Pour succéder à la verve et l'intensité dramatique de la plume d'Albert Londres, j'ai ensuite pensé, en tant que lecteur assidu de littérature vélocipédique et du journal... L'Equipe, à Antoine Blondin qui symbolise par sa personnalité peu conventionnelle ce que je cherchais : à savoir une retranscription parfaitement subjective du fait sportif où se mêlent humanisme et humour... Fin connaisseur de l'auteur d'Un Singe en hiver et de Monsieur jadis, lui aussi amoureux transi de la petite reine, l'écrivain Patrice Delbourg ma rejoint en 2003 dans une nouvelle aventure sportivo-littéraire (ou littéraro-sportive !) en rédigeant diverses évocations de l'ami Antoine qu'il a côtoyé à maintes reprises . Est née ainsi le concept du spectacle bien nommé L'ironie du sport.

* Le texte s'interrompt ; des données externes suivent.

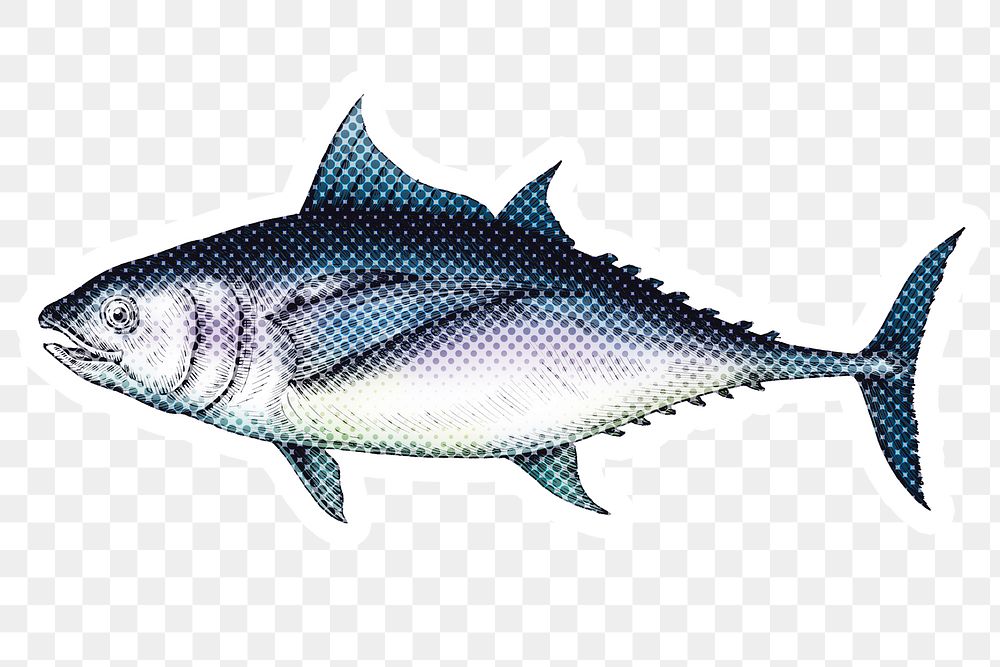 Hand drawn tuna fish with a face halftone style sticker overlay with a white border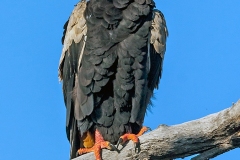 Bateleur [Terathopius ecaudatus]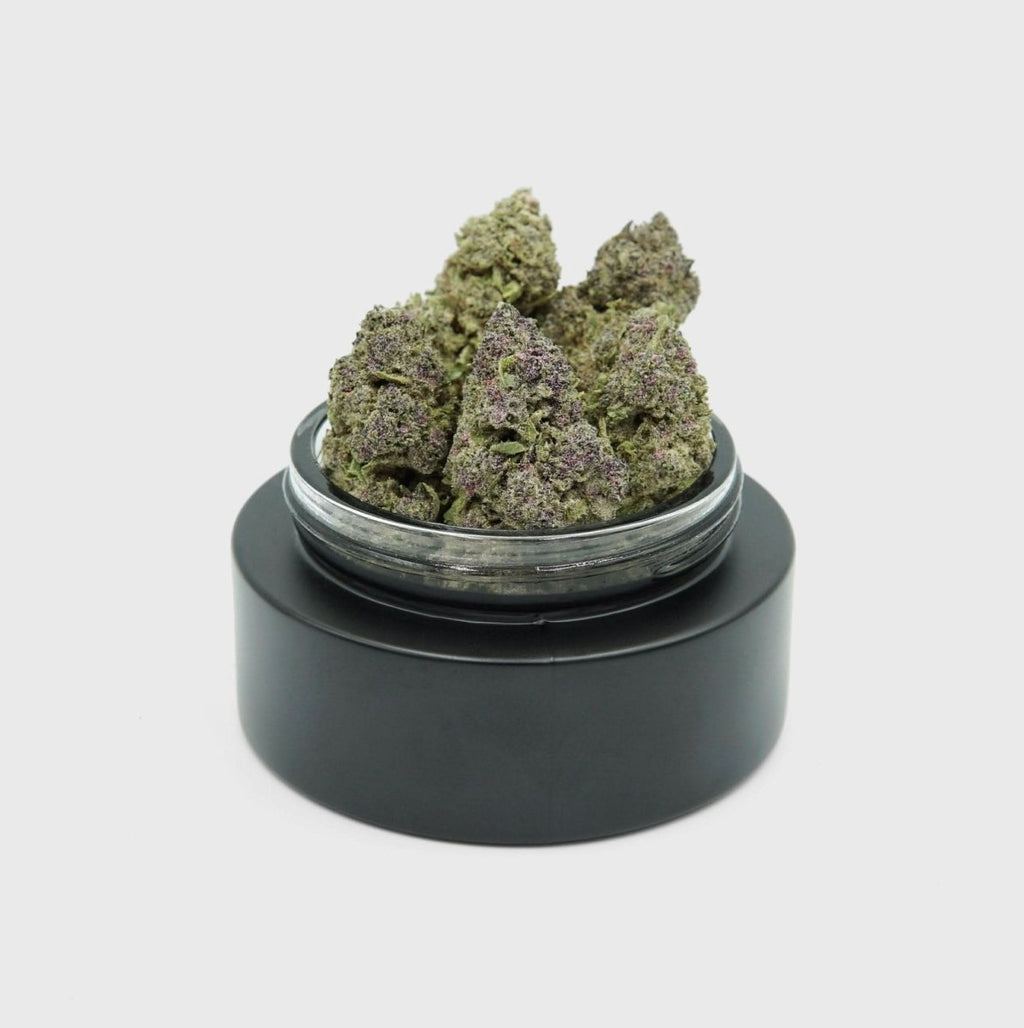 💜 Purple Dash 17% Cali CBG Blüten 2g im Glas - Hanfify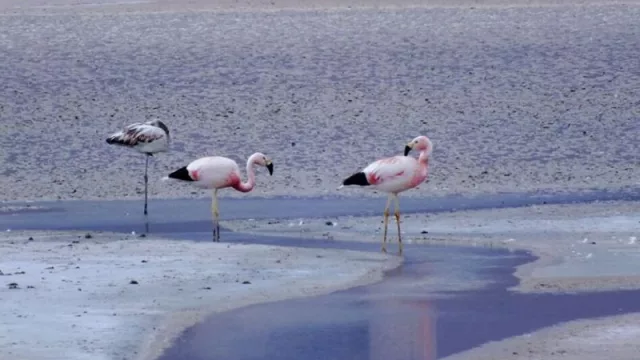 El flamenco altoandino, una prueba de que la producción minera en Salta es sustentable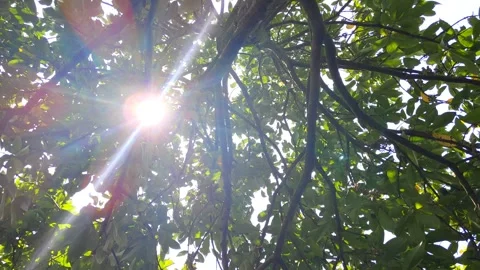 Sunlight Shining Through Tree Branches and Green Leaves Stock Footage 305166979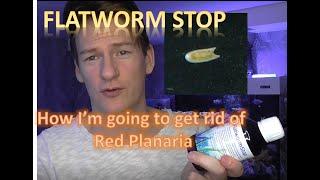 Flatworms Taking over !!! Pest Control. How i plan to get rid of them in my Reef tank.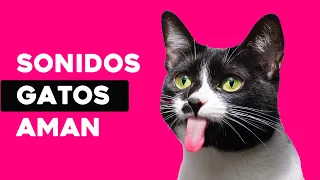 Sonidos que los Gatos Aman | Sonido para ATRAER GATOS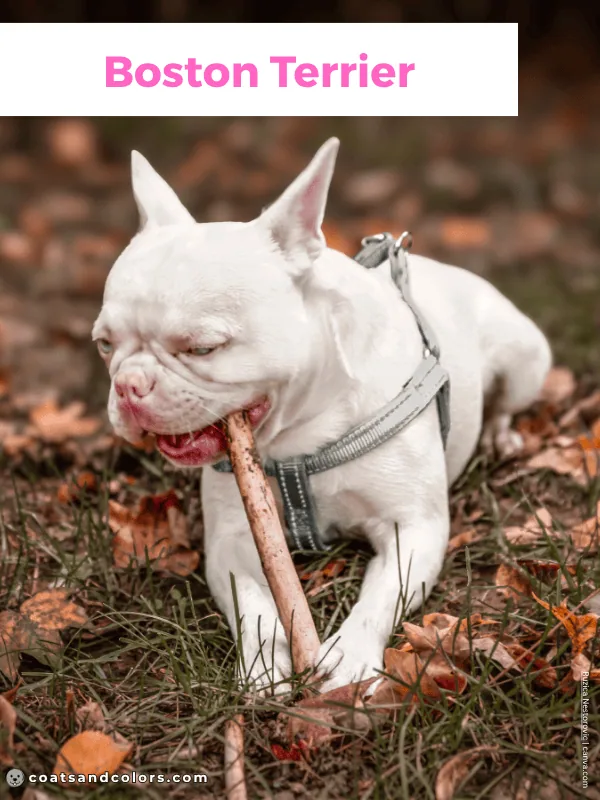 coatsandcolors.com Albinism Dogs OCA4 Boston Terrier type
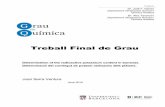 Treball Final de Grau - UBdiposit.ub.edu/dspace/bitstream/2445/138019/1/TFG_QU Serra Ventura, Joan.pdf · germana durant tots aquests anys, els seus consells i la seva comprensió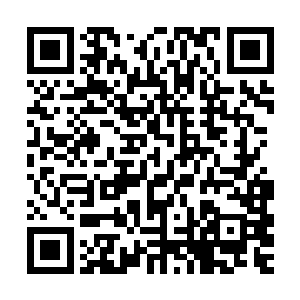 那个司马十七郎不知怎么知道了我们与花姨娘偷看祖父书信的事二维码生成
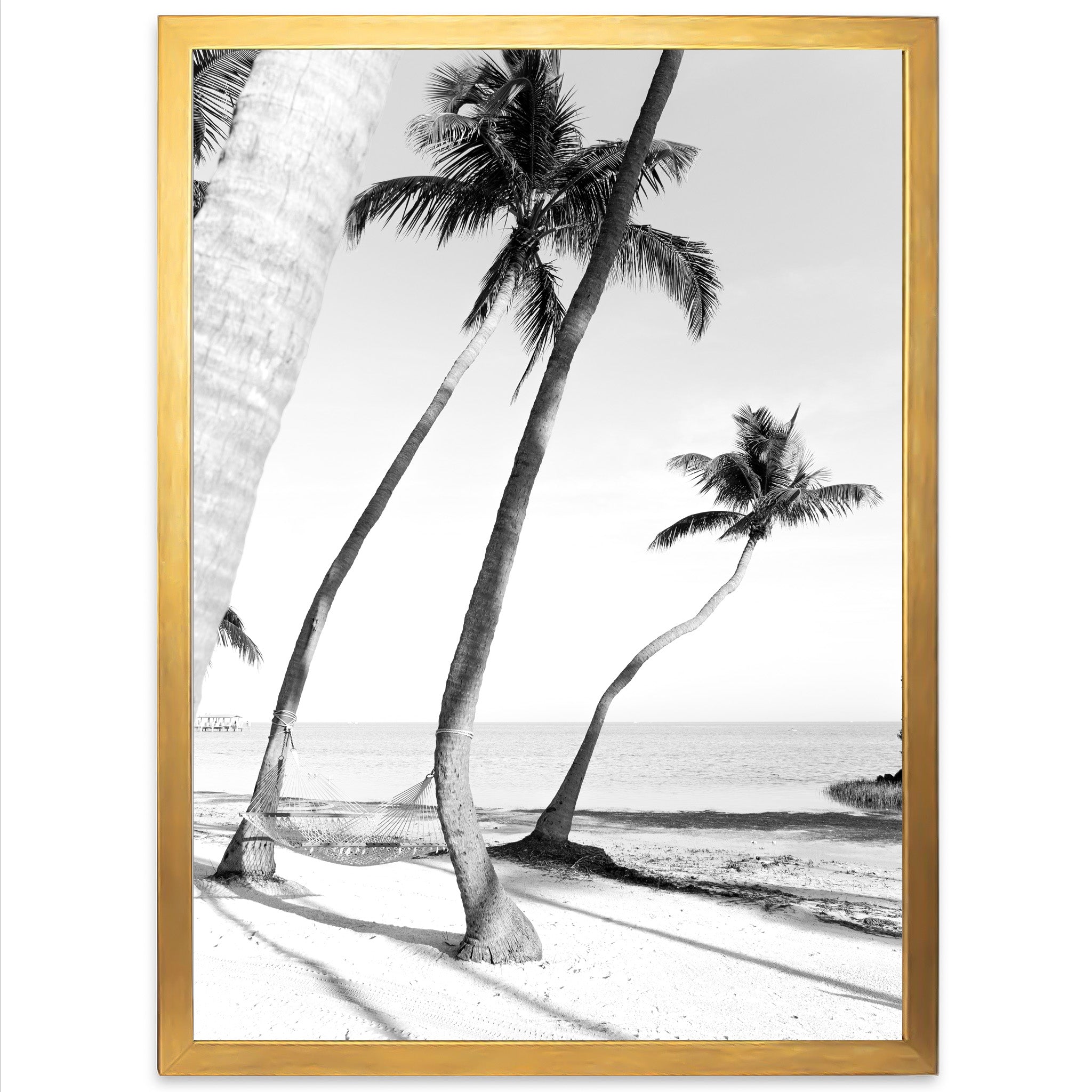 Hammock - Shutter and Frame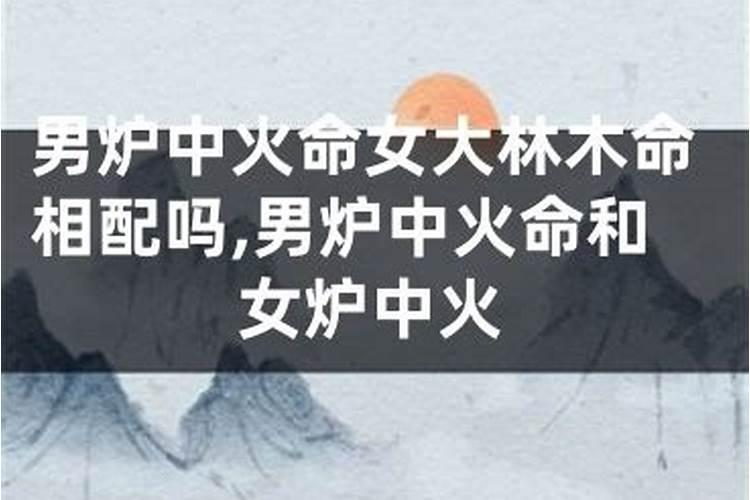 沙中土与炉中火婚配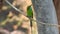 Rainbow Bee Eater. Merops genus Rainbow Bee-Eater is a spectacular bird.Rainbow Bee-eater. Merops, animal..Rainbow bee eater clo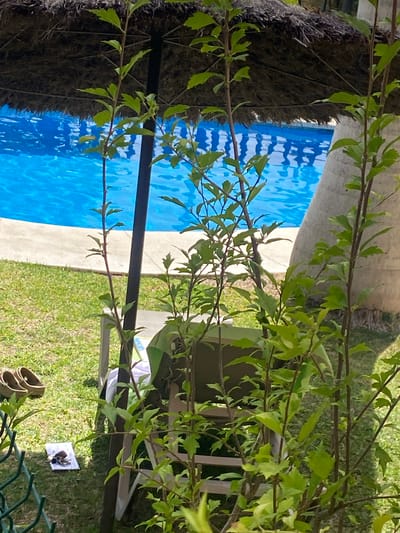 The image depicts an outdoor scene at a poolside, likely in Resinera-voladilla, Spain, given the context. In the foreground, several leafy green plants with thin branches obscure the view of the background. Partially visible behind the plants is a chair with a green towel draped over it. On the grass to the left, a pair of tan flip-flops and a small stack of papers with a set of keys are placed. Beyond the chair and grass, a bright blue swimming pool is visible, bordered by a light-colored concrete edge. Above the pool, a thatched umbrella provides shade. A thick, textured pillar, possibly a palm tree trunk, stands to the right of the pool. The overall environment suggests a sunny, relaxed setting.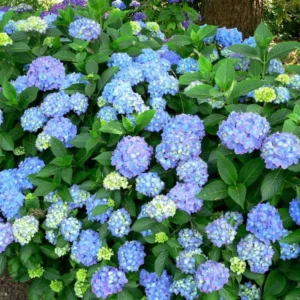 Blue Hydrangea Live Plant Bush Shrub for Planting, 1 to 2 Ft Tall, Hydrangea Plant Tree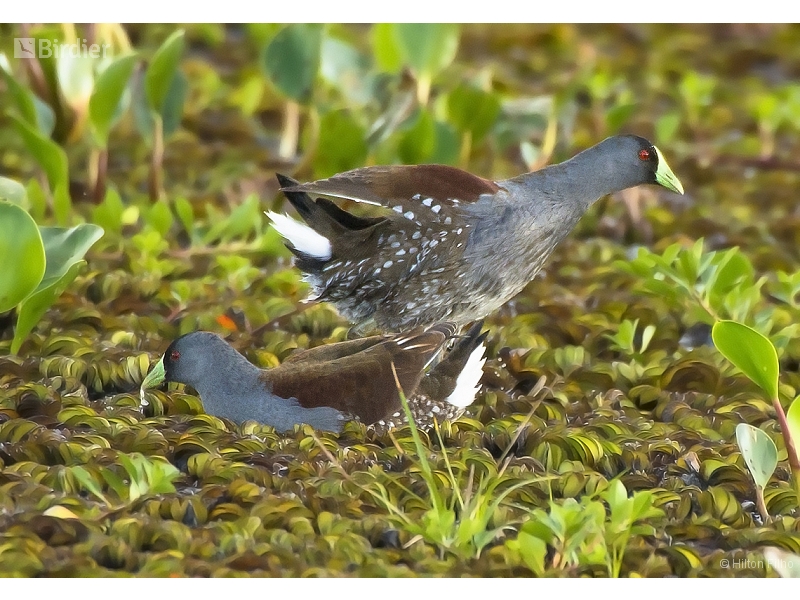 Spot-flanked Gallinule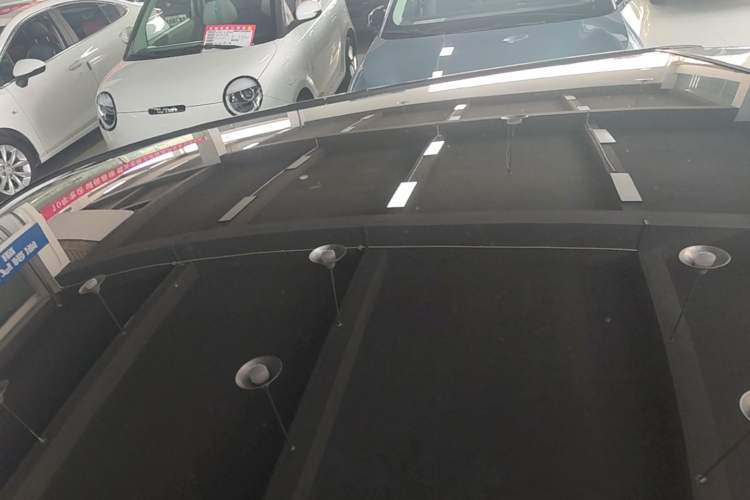 Used Chery QQ Little Ant 2022 Sweet Pink Edition Half-Sugar Version Lithium Iron Phosphate 30 kW 301 km Roof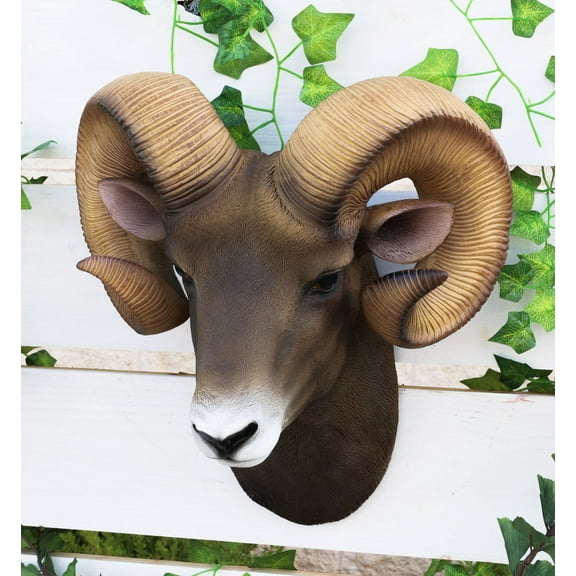 Rocky Mountains Bighorn Ram Trophy Taxidermy Wall Decor Sculpture Hanging Plaque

Travaillant régulièrement depuis 2007 en République Tchèque, je me suis forcément intéressé aux grands symboles du sport tchèque. Peu porté par mon éducation française vers le hockey ou le floor ball, mon attention s'est rapidement orientée sur deux figures incontournables : le footballeur Antonin Panenka et le coureur de Fond Emile Zatopek. Si j'ai rencontré, par le plus grand des hasards, le premier à Prague, le second s'est présenté à moi par ce magnifique livre de Jean Echenoz : Courir. L'auteur dresse ici un portrait des plus touchants de cet homme à la fois simple et exceptionnel, à la foule infatigable, saccadée et déhanchée : "la locomotive humaine", tel était son surnom ! Mais c'était avant tout un acteur de son temps qui a connu, sans jamais perdre son âme, l'invasion allemande, la libération et l'oppression soviétique, un atlète qui, par plaisir, par orgueil, par acharnement, a atteint l'Olympe.